Operating systems and runtime environments on supercomputers

The evolving architecture of high-performance computing nodes poses new challenges to low-level system software components running on the nodes. New multicore and many-core designs put strain on system scalability; the introduction of nonvolatile memory forces a rethink of the memory and storage hierarchy in extreme-scale systems; the overall increase in the component count requires careful consideration of power management and fault tolerance approaches. The International Workshop on Runtime and Operating Systems for Supercomputers (ROSS), held in cooperation with the ACM Special Interest Group on High Performance Computing (SIGHPC), provides a forum for researchers to exchange ideas and discuss research questions that are relevant to low-level system software on current and future-generation supercomputers. This special issue presents significantly extended versions of the best papers from the 2013 edition of the workshop, which was held in conjunction with the ACM International Conference on Supercomputing (ICS) in Eugene, Oregon, USA, on June 10, 2013. In his keynote address Characteristics of Adaptive Runtime Systems in HPC, Sanjay Kale examined the features that are necessary or desirable to empower adaptive runtime systems, using Charm++ and the Adaptive Message Passing interface (MPI) as examples.
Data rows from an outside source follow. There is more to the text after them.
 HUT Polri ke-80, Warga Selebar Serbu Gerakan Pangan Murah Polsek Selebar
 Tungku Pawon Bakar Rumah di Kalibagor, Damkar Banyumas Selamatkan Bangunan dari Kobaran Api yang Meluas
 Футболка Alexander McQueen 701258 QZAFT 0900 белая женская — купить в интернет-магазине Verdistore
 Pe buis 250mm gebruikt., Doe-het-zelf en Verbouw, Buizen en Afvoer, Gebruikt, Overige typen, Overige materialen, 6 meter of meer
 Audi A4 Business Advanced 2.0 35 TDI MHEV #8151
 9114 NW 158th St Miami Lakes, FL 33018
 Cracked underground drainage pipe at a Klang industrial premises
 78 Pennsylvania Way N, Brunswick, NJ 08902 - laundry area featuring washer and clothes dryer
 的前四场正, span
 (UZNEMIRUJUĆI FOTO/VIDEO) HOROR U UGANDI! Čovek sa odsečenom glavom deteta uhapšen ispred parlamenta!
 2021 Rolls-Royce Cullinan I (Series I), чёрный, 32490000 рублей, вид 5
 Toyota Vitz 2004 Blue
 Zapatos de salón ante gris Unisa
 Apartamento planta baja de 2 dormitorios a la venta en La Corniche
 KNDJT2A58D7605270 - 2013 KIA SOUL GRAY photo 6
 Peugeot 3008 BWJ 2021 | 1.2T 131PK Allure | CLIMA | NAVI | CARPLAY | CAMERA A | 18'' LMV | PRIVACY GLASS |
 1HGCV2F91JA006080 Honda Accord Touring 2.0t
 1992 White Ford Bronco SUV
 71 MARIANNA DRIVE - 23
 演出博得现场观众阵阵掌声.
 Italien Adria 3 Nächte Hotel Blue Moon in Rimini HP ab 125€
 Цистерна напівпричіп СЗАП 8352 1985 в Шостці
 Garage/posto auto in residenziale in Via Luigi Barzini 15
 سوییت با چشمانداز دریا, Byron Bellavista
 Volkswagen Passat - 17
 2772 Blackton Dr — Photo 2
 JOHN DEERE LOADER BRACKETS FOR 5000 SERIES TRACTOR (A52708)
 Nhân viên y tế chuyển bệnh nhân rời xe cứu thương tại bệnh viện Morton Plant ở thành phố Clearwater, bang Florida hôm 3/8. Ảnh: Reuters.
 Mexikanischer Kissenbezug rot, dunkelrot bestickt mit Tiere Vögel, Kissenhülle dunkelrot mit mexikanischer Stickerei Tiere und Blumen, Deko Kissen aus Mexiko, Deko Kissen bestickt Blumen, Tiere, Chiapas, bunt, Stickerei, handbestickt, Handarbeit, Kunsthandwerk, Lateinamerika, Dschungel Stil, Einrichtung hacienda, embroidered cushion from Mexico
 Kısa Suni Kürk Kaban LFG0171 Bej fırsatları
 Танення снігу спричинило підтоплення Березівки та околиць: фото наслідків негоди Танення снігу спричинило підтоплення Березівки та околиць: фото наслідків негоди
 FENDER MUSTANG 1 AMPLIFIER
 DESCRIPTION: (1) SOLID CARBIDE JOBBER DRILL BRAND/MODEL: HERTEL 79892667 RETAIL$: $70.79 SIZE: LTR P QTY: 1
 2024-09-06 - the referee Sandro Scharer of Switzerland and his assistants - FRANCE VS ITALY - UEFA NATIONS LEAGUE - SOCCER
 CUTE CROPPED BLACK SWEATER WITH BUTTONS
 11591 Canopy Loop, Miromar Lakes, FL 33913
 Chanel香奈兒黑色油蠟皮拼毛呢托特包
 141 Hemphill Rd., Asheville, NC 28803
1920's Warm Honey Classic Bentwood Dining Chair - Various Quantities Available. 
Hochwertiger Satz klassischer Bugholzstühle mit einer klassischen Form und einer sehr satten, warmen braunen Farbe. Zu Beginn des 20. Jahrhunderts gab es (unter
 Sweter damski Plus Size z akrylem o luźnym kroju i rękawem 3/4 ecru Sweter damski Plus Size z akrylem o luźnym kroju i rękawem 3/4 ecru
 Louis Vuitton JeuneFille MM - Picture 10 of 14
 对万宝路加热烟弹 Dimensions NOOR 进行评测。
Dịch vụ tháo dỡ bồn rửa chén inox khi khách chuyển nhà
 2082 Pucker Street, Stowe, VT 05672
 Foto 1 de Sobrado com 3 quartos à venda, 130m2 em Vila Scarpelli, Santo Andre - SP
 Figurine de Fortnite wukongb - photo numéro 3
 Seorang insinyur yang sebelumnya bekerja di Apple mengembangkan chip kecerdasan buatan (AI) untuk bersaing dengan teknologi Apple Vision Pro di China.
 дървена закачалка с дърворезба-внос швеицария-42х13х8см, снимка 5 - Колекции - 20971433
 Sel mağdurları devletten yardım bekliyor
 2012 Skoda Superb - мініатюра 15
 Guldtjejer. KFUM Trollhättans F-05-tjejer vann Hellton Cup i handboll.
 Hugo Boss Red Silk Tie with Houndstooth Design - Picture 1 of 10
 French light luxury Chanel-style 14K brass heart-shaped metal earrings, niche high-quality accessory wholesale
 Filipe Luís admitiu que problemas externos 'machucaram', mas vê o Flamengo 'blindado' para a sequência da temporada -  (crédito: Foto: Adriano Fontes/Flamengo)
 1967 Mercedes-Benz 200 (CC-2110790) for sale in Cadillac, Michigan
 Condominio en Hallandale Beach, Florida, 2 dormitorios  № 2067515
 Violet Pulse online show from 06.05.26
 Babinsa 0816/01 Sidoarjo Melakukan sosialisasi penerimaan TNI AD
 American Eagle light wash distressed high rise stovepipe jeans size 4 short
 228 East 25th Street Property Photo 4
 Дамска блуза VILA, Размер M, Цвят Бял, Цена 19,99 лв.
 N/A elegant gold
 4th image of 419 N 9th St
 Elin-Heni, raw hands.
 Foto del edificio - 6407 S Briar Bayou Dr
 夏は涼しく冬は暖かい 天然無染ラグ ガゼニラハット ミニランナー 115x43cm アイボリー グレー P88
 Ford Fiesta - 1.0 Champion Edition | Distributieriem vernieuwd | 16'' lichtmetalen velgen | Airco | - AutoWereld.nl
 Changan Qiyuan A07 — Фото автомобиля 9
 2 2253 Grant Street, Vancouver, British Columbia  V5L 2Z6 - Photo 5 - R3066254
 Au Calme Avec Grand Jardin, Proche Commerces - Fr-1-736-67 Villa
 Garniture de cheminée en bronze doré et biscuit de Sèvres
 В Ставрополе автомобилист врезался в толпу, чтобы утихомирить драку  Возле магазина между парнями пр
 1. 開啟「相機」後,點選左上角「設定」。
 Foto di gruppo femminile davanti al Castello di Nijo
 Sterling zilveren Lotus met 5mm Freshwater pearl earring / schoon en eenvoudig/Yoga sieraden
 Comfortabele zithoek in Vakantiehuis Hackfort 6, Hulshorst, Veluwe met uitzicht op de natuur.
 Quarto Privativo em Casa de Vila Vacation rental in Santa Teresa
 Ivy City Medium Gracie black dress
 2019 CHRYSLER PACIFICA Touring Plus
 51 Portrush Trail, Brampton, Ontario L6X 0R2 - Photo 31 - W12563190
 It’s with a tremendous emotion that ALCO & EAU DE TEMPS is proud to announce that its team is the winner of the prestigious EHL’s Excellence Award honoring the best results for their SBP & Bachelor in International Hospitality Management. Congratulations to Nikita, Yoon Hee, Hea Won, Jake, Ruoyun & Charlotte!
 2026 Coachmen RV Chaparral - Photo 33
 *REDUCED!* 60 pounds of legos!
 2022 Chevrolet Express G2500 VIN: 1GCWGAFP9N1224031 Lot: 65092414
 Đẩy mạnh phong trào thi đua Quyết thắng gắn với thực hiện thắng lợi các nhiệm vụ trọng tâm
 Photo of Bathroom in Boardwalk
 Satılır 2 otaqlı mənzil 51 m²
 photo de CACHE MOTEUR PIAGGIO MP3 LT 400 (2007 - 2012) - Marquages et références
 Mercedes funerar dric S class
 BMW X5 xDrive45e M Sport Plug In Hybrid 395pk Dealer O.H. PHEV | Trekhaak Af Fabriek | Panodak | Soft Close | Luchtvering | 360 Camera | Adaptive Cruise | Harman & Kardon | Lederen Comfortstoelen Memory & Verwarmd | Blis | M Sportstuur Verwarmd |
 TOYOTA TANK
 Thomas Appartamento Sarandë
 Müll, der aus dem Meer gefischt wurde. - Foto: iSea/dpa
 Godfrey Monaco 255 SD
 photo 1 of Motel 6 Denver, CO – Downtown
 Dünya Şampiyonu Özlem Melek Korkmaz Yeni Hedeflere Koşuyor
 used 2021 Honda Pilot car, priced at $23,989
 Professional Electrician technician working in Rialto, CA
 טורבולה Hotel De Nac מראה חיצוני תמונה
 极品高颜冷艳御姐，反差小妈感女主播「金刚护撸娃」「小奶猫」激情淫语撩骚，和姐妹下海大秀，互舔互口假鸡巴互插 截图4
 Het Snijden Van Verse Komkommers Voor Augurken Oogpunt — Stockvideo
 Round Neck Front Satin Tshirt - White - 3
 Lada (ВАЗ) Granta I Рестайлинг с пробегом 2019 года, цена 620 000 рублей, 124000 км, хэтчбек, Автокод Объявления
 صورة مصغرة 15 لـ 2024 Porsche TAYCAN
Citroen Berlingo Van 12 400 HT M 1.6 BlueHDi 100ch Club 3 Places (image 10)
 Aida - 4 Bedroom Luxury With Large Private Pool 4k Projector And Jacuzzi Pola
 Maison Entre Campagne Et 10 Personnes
Nine regular papers and one invited talk were also presented at the workshop in three sessions on exascale and energy, memory and tasking, and big data. Levy et al., in their paper A Study of the Viability of Exploiting Memory Content Similarity to Improve Resilience to Memory Errors, propose a novel runtime for transparently exploiting memory content similarity to reduce the rate of fatal memory errors by examining memory snapshots from HPC operating systems and applications. In Collective I/O under Memory Constraints, Lu et al. introduce a new collective I/O strategy to combat the problem of the decreasing amount of memory available per CPU core, by considering the capacity and bandwidth constraints, restricting aggregation data traffic, coordinating I/O accesses, and choosing aggregators at run time. These research efforts identify major challenges facing OS and runtime system developers and propose promising solutions to address them. We hope that the principles and techniques presented in this special issue will play an important role in the design and development of specialized operating systems for the exascale era.